Nov
18
2014 Chevrolet Malibu Turbo

A 2.5-liter 4-cylinder engine is standard on LS, 1LT and 2LT Malibu trim levels. Our test 3LT, like the topline LTZ, comes with a turbocharged 2.0-liter engine. As equipped, our test car came to $31,380.

2014 Chevrolet Malibu 3LT Turbo

Dates tested: 10/31/2013-11/07/2013

Miles Driven: 255

Fuel Used: 11.9 gallons regular unleaded

Real-world fuel economy: 21.4 mpg

Driving mix: 40% city, 60% highway

Base price: $26,750 (not including $825 destination charge)

Options on test car: Leather Package ($1000), Electronic & Entertainment Package ($1175), Advanced Safety Package ($890), navigation system ($795), Crystal Red Tintcoat paint ($395)

Price as tested: $31,830

Quick Hits

The great: Strong, refined drivetrain

The good: Smooth ride and quiet cabin

The not so good: Cramped rear seat

Damon Bell

Because of the sales volumes at stake, success in the midsize-sedan class is crucial to manufacturers. The competition is cutthroat, and the segment abounds with top-rate contenders that are often so close in overall “goodness” that choosing between them often boils down to one’s personal taste. In a category like this, small details start to matter a lot, and the 2014 Chevrolet Malibu has a couple of niggling ergonomic issues that really annoyed me.

The ignition switch juts out from the steering column at a sharp angle toward the interior. I suppose this makes it marginally easier to put the key in the ignition, but it also means that the key fob is sticking out right where my right knee usually rests. I was frequently bumping the key with my knee. (If you’re tall like me, you’ll want to pony up for push-button starting.) The Bluetooth system was especially slow to connect, and despite the fact that I was listening to audio off of my smartphone when I shut the car off, the system would always revert to a radio station when I restarted the car, forcing me to reselect Bluetooth from the audio menu. Most other Bluetooth-equipped vehicles don’t require this step.

2014 Chevrolet Malibu Interior

Damon and Tom agree, if you’re in the front seat, the Malibu cabin is a pretty nice place to spend time.

A not-so-nitpicky issue is the Malibu’s tight rear-seat space…this was of the main reasons Chevrolet chose to give the Malibu a hasty update for 2014. The front and rear seats were revamped to free up another 1.25 inches of leg room, but Malibu still can’t match most of its class competition here.

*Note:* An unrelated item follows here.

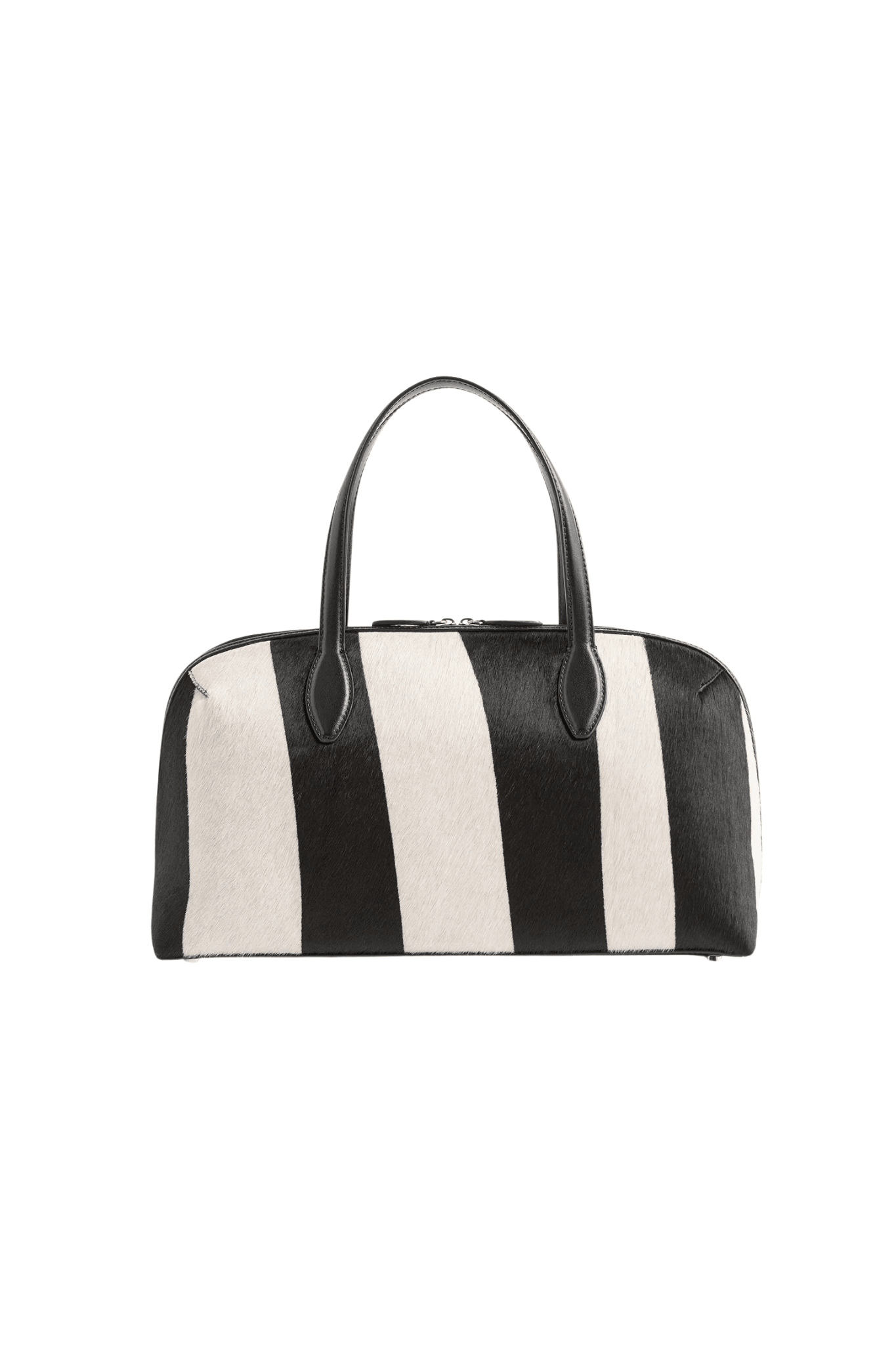 Toteme Medium Pony Hair Day Tote - Vermillion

The Malibu is certainly not without its charms, however. The 259-horsepower 2.0-liter turbocharged four-cylinder feels smooth and strong, with enough juice to provide comfortably quick acceleration in most driving situations. The motor whirs noticeably in fast acceleration, but Malibu is still one of the quietest cars in the class. Wind and road noise are exceptionally well controlled.

The Mazda 6 and the Honda Accord nail the big and small details better in my book… but your personal tastes may vary.

Tom Appel

For almost precisely the current average transaction price of a new vehicle, you can get yourself into a nicely equipped (though not loaded) 2014 Chevrolet Malibu Turbo. And, there are a number of good reasons you might want to do so.

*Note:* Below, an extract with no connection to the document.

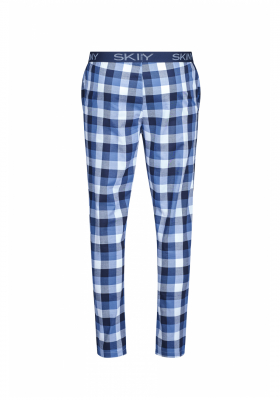 SKINY Mix & Match 0511, Kék, Kockás Pizsama,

Like the smaller Chevrolet Cruze, Malibu is refined for the class, and boasts a silky drivetrain and surprisingly pleasant cabin.

As part of a 2013 redesign of the Malibu, Chevrolet excised the sedan’s V6, replacing it with a turbocharged 4-cylinder. I am please to report the 2.0-liter turbo, good for a reported 259 horsepower, feels about as strong as the departed V6, and might actually be smoother. Very much in the vein of Ford’s EcoBoost engines, power delivery is immediate, and throttle response sharp.

As for the cabin, as long as you’re up front, you’re golden. Drivers enjoy plenty of leg and headroom, and visibility to all four corners is good. Interior appointments approach luxury level, and everything appears well assembled. The low-glow running lights that trim the dash and overhead console become visible as the sun sets, and add a decidedly classy feel to the cabin.

Equally sublime is the ride, which is impressive for the class. Most road imperfections are absorbed with dismissible ease, and even larger bumps and ruts are handled with grace. Noise levels are likewise muted, even at highway speeds.

So what’s the rub? Malibu, like Cruze, runs a serious deficit versus class competitors in the category of rear-seat space. If you never plan to haul anyone larger than your pre-high schoolers, no problem. But Malibu’s lack of four-adult space is a serious demerit in this crowded vehicle class.

So, for the price of an average car you can buy a very nice Malibu, a car that offers above average power and refinement, and below average passenger space.